An accumulation-type fuel injection system of claim 1 or 2, wherein the temperature detecting means is for indirectly detecting a temperature of a driving circuit (79) of the control unit for the injector from at least one of a coolant temperature and an intake temperature of the diesel engine.
An accumulation-type fuel injection system of any one of claims 1 to 3, wherein the pressure reduction effecting means is for determining a valve-open driving period (Tq) of the control valve for the ineffective driving in response to the fuel pressure in the accumulation chamber.
An accumulation-type fuel injection system of any one of claims 1 to 4, wherein the diesel engine has the cylinder in a plurality of numbers and the injector in a plurality of numbers in correspondence with the numbers of the cylinder, and the control valve of each cylinder is driven to open sequentially or simultaneously with at least one other.

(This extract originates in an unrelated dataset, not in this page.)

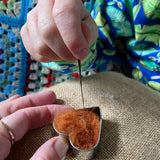 Child using Nic felting needle with Gluckskafer felt in a heart shape.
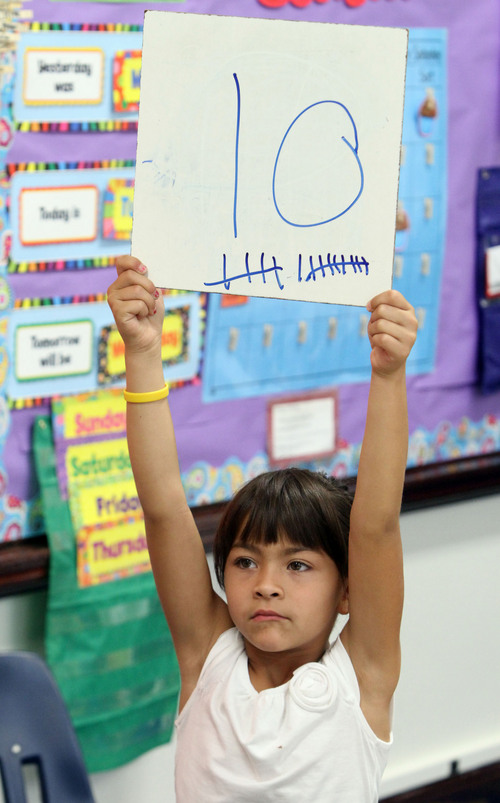 Rick Egan  | The Salt Lake Tribune 

Zhania Gomez holds up her answer in Claire Maliejewski's first grade class at Polk Elementry School, Wednesday, September 4, 2013. Lawmakers who support Utah's new system for giving letter grades to schools point to Polk Elementary, which received a 'B' grade, as a success story.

An accumulation-type fuel injection system of any one of claims 1 to 5, wherein the control valve is an electromagnetic type, the injector includes an injection unit having a valve body (37) which opens in response to pressure of the fuel supplied from the accumulation chamber through a first fluid passage (45) and injects the fuel into a cylinder of the diesel engine, and a driving unit which closes the valve body in response to a pressure of the fuel supplied from the accumulation chamber through a second fluid passage (41).

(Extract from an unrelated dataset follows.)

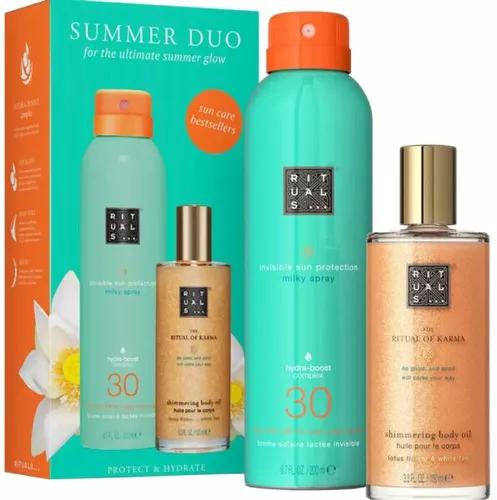 RITUALS THE RITUAL OF KARMA Suncare Set - Sonnenschutzmittel für perfekten Hautschutz und Glanz. Das Set enthält ein SPF 30 Sonnenschutz-Milchspray und ein schimmerndes Körperöl für einen strahlenden Look.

In an accumulation-type fuel injection system which comprises an accumulation chamber (3) for accumulating a high pressure fuel fed from a fuel supply pump (5, 11), an injector (1) for injecting the high pressure fuel in the accumulation chamber into a cylinder of a diesel engine, a control unit (7) for controlling a driving of the fuel supply pump and the injector in response to operating conditions of the diesel engine to thereby supply the fuel into the diesel engine, and temperature detecting means (71) for directly or indirectly detecting a temperature of the control unit,

an accumulation chamber pressure control method for controlling a pressure (PC) in the accumulation chamber by effecting an ineffective driving by which the control valve is driven to open for a short period (Tq) shorter than a delay period (tm) in which the valve body opens to thereby spill a high pressure fuel in the accumulation chamber to the low pressure side when a pressure reducing condition for reducing a fuel pressure in the accumulation chamber is satisfied, the method comprising the steps of:

detecting directly or indirectly the temperature of the control unit; and

determining a cycle period of the ineffective driving by the pressure reducing means in response to the detected temperature so that a thermal load applied to the control unit does not exceed a limit.

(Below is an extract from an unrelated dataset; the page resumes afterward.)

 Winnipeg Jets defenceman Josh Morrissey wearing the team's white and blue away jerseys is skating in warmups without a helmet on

An accumulation chamber pressure control method of claim 7, further comprising the step of:

stopping, when the fuel pressure in the accumulation chamber is reduced and the ineffective driving of the control valve is stopped, the fuel injection of the injector which is to occur immediately thereafter.
An accumulation chamber pressure control method of claim 7 or 8, wherein the temperature of the control unit is indirectly detected from at least one of a coolant temperature and an intake temperature of the diesel engine.
An accumulation chamber pressure control method of any one of claims 7 to 9, wherein the injector is provided in a plurality of numbers in correspondence with the numbers of the cylinder of the diesel engine, and the control valve of each cylinder is driven to open sequentially or simultaneously with at least one other.